Our interest in further essays will be in how this starting point in Socrates' argument comes to be connected to his vision of justice and the state.  In this essay, the discussion is purely about nature, not social or political forces.  Our observation is that Socrates found observations about nature as foundational to what he would soon say about social engineering according to some ideal of justice.  Feminism, so far as it based its arguments in nature, could argue as Socrates did: observe that women have the same capacities and pursue the same ends as men--they are in these respects equal.  
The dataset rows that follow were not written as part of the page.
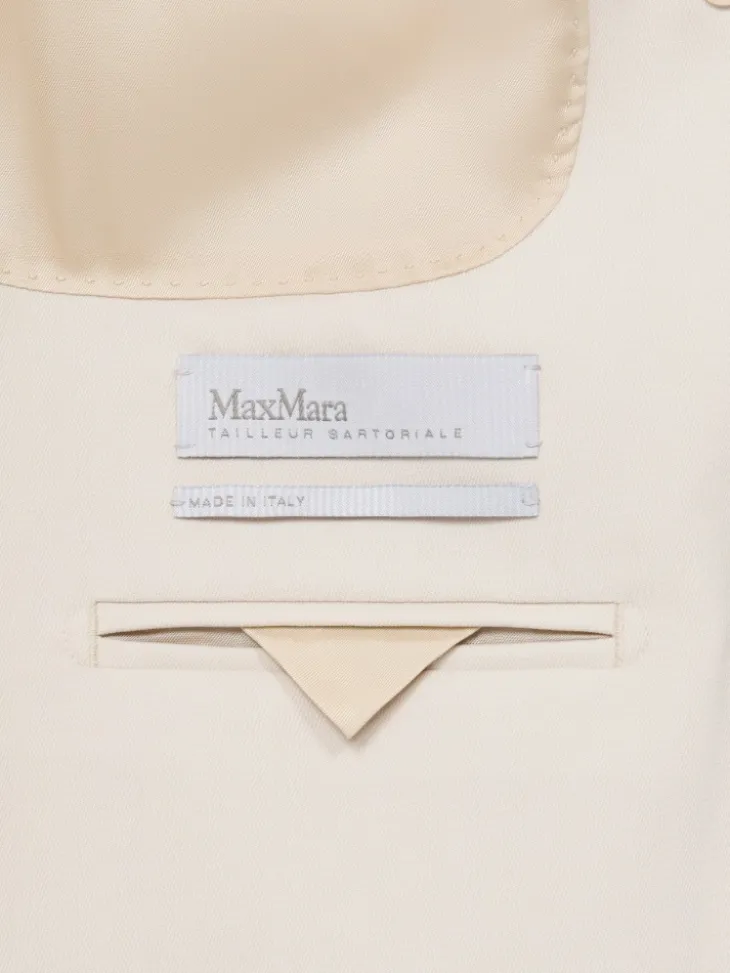 Double-breasted comfortable wool blazer - IVORY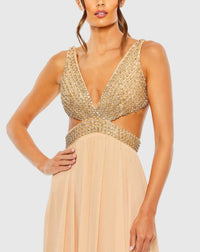 Lace Up Rhinestone Embellished Cut Out Gown - Gold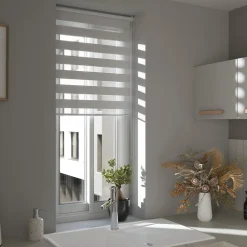 Store enrouleur jour / nuit sans perçage Elin 2 blanc cassé l.60 x H.180cm Goodhome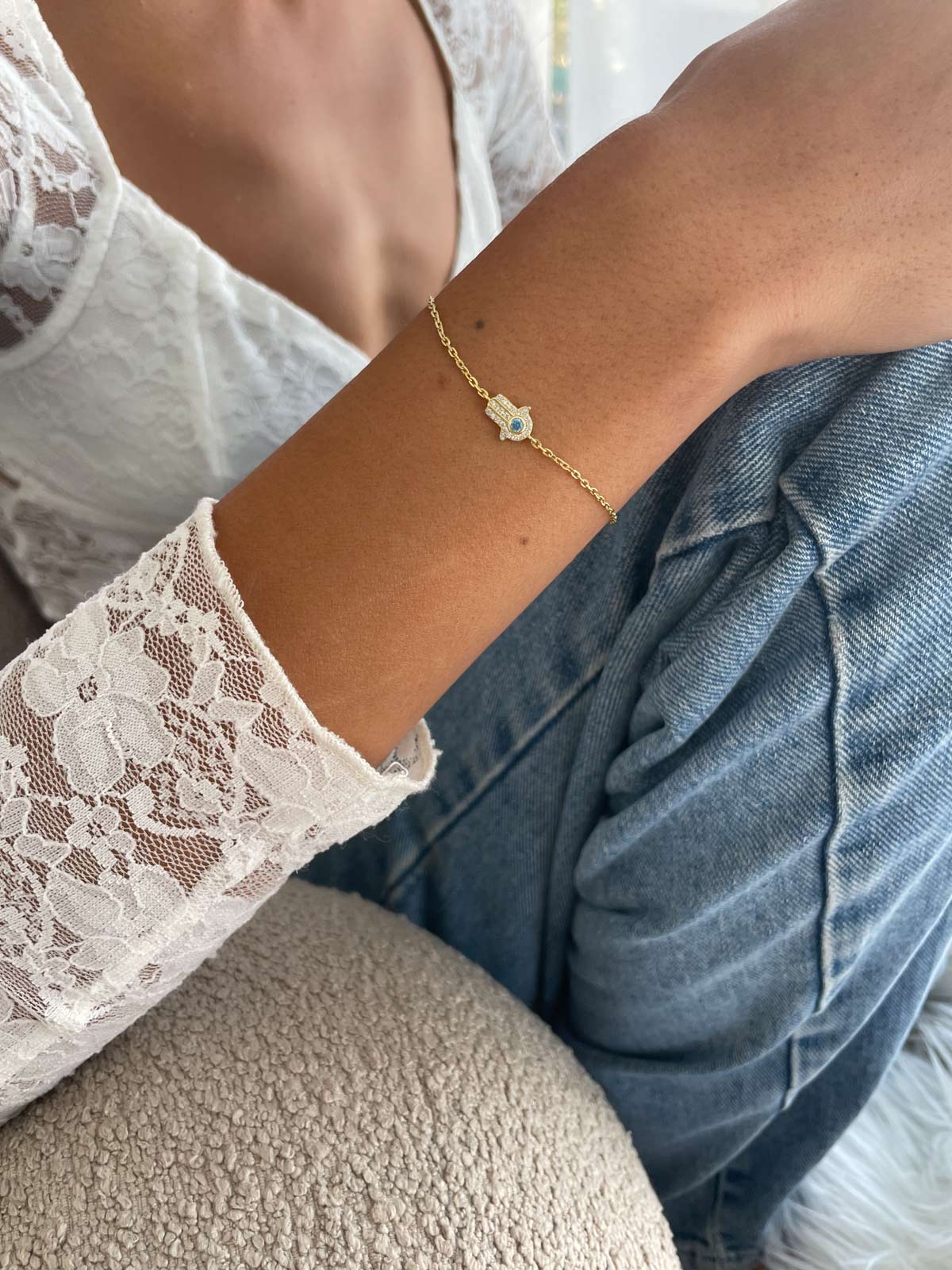 צמיד חמסה קטנה אבן תכלת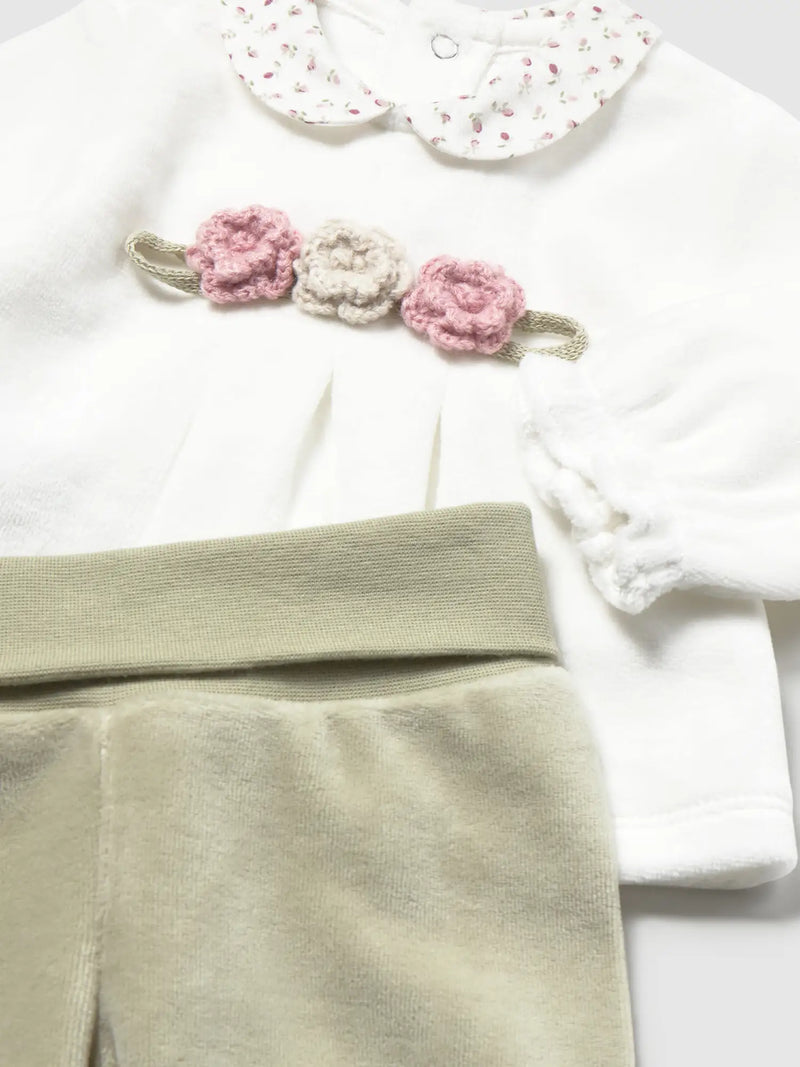 Mayoral velour leg warmer set with crocheted flowers on the chest.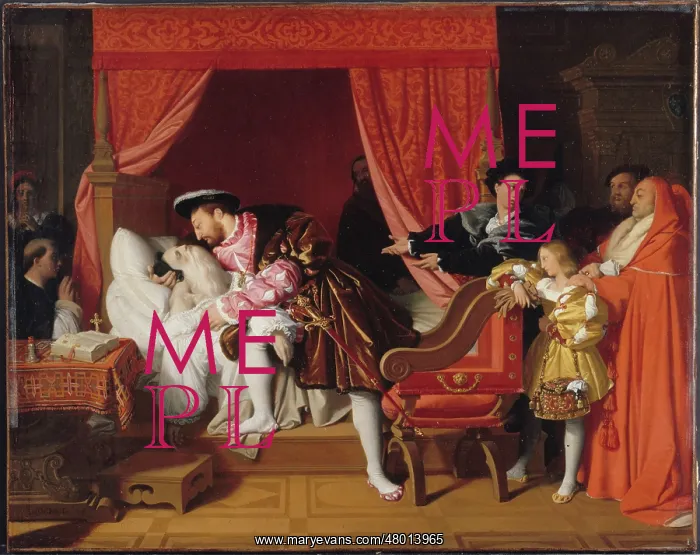 : The Death of Leonardo da Vinci, by Ingres : The Death of Leonardo da Vinci, by Ingres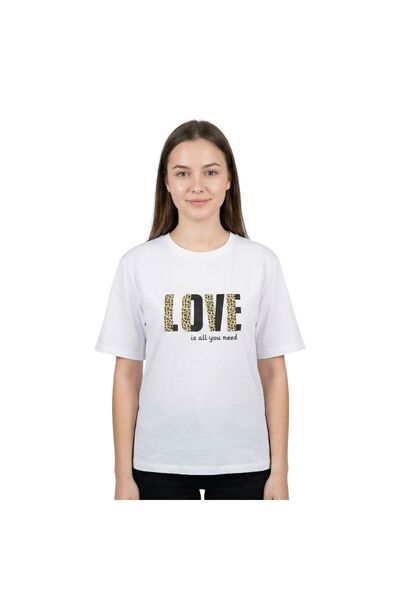 Enfield & Co. Tricou de damă Enfield&Co cu imprimeu leopard Love Ecru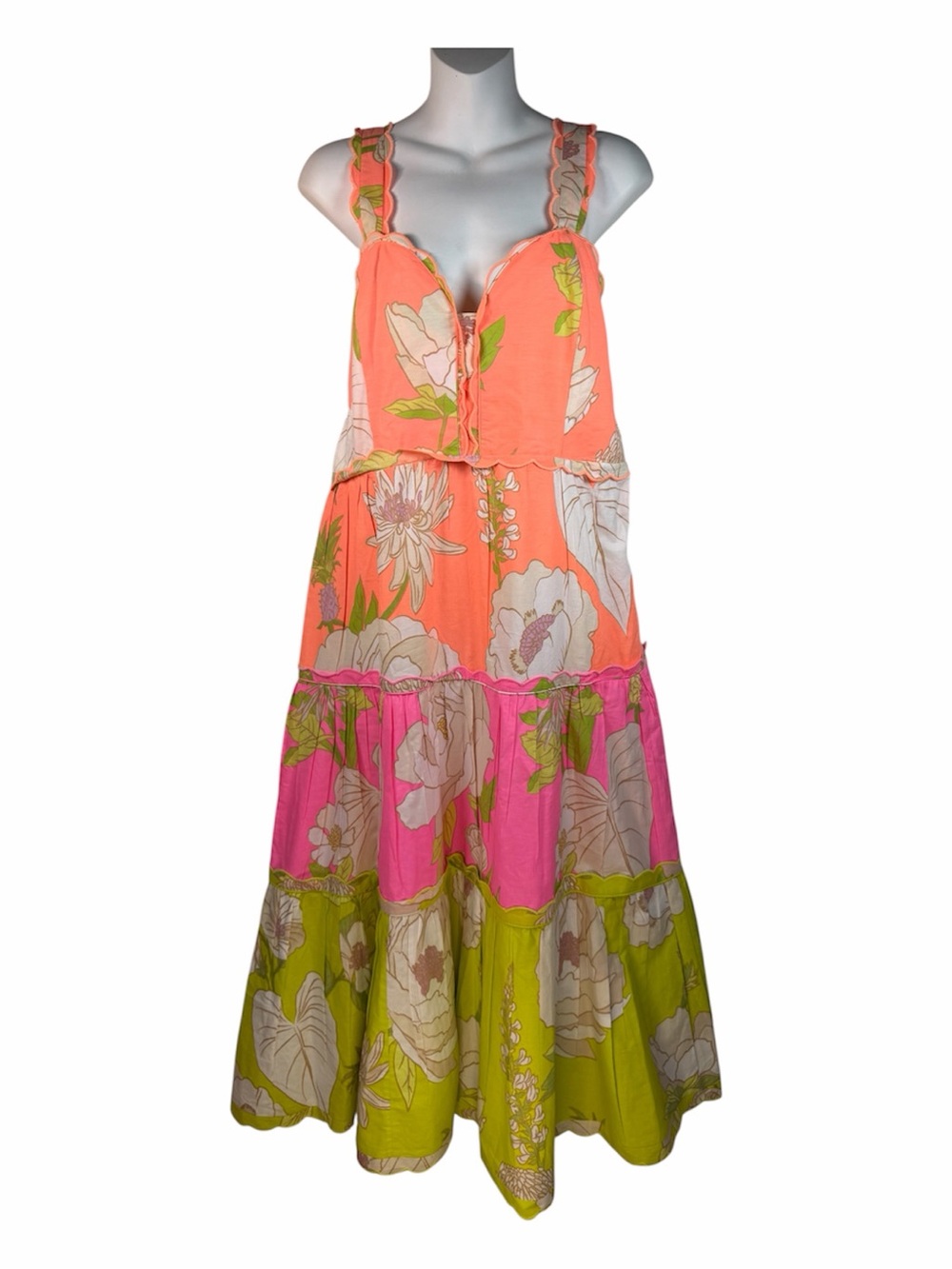 FARM Rio Coral Pink Lime Floral Tiered Midi Dress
Accepting the authority of conclusions based on observations of nature, one can still argue for a variety of distinctions having to do with natural differences between men and women in regard to their physical strength and child bearing capacities. Socrates' socialist, political interests, however, will soon undermine these, as the West’s movement from Modernist to Postmodernist assumptions has done.  In order to press the equality of men and women to its extreme position, Socrates will subsequently argue for a form of socialism that undermines the family, marriage, and the parent-child relationship.  Such social constructions are severed from any natural argument as much as possible.  As in Socrates' argument, so also in the West in the last half century, arguments for a feminist equality have morphed into an entirely different sort of argument that undermines arguments based on nature in the most profound ways.  Postmodernity rejects foundationalism, including arguments from nature, thus transferring arguments to humanly constructed ‘truths’ that support the authoritarian state’s version of justice.  When, in subsequent arguments, Socrates opens the door to this state authority, he will do so in a way that Western culture has done in moving from feminist arguments based in nature to justice as a moral construct under the control of the authoritarian state.



[1] Plato, Plato in Twelve Volumes, Vols. 5 & 6, trans.Paul Shorey (Cambridge, MA: Harvard University Press; London, William Heinemann Ltd. 1969).